Multi-chain DeFi lending protocol ZeroLend announced that it will gradually cease operations after approximately three years of activity.
The team said the decision was difficult but necessary due to ongoing unsustainable conditions across its supported networks. Most lending markets now offer a 0% loan-to-value ratio, meaning users can withdraw funds but cannot borrow.
The ZeroLend team urged users on its official X account to quickly retrieve their assets through the official application. The move to shut down highlights the growing challenges in certain areas of decentralized finance, especially those related to layer-2 solutions and bitcoin finance.
ZeroLend attributed its decision to wind down primarily to a significant drop in activity and sharp declines in liquidity across many of the supported chains, which gradually eroded the protocol’s operational viability. Key oracle providers pulled their support for several markets, eliminating crucial price data feeds needed for secure lending functions.
The platform also faced repeated security incidents, including hacks and exploits, which inflicted ongoing financial setbacks and diverted essential resources. Additionally, the thin profit margins typical of decentralized lending further complicated matters, leading to sustained operational losses that became impossible to overcome.
At its peak, ZeroLend boasted a total value locked of nearly $359 million, but it now holds roughly $6.6 million, highlighting a drastic reduction in both user engagement and capital. The incident is just one of many experienced in the crypto space. For instance, similar protocols such as zkLend ceased operations around June 2025, signaling a period of consolidation in the DeFi lending space.

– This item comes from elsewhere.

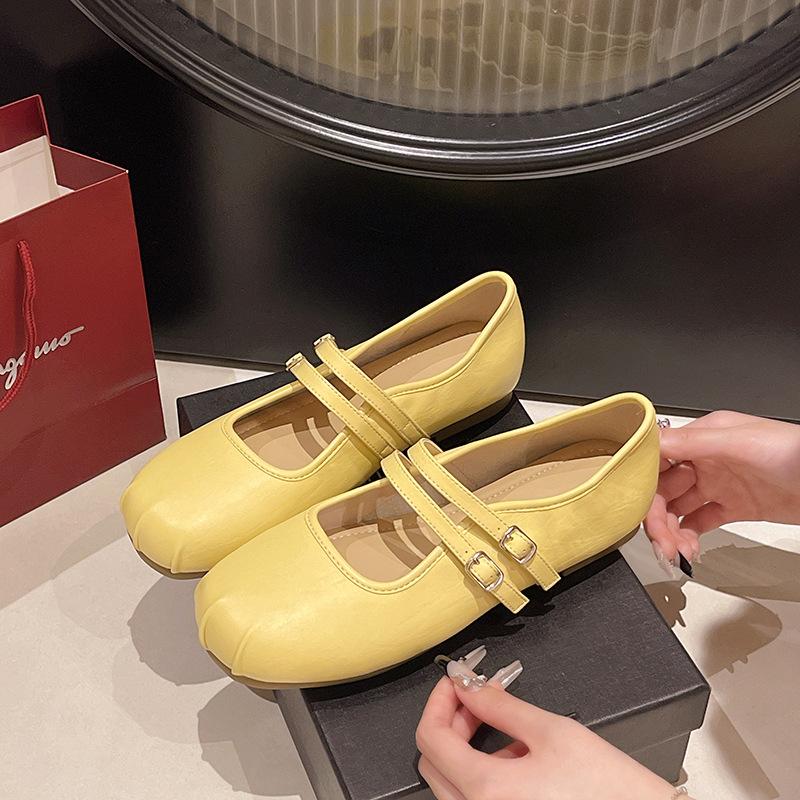 

Туфли Мэри Джейн женские с двойной пряжкой 2025 лето с мелким вырезом супермягкая плоская подошва с юбкой одинарные туфли 35 жёлтый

Following the recent decision, ZeroLend has implemented measures across most markets to halt new loans, enabling lenders and borrowers to concentrate on repayment and withdrawal processes to protect remaining funds. Currently, assets on highly illiquid or inactive chains such as Manta and Zircuit are subject to temporary restrictions.
However, the team is planning smart contract upgrades and timelock mechanisms to facilitate the eventual recovery and redistribution of these assets. In addition, holders affected by the recent LBTC market incident on Base Network will receive partial compensation sourced from a designated allocation of the Linea airdrop, with detailed instructions provided for submitting support requests.
Meanwhile, it is worth noting that no compensation will be available to general token holders beyond these targeted measures. The team expressed gratitude for the community’s support and urged caution against phishing attempts that often follow high-profile DeFi shutdowns.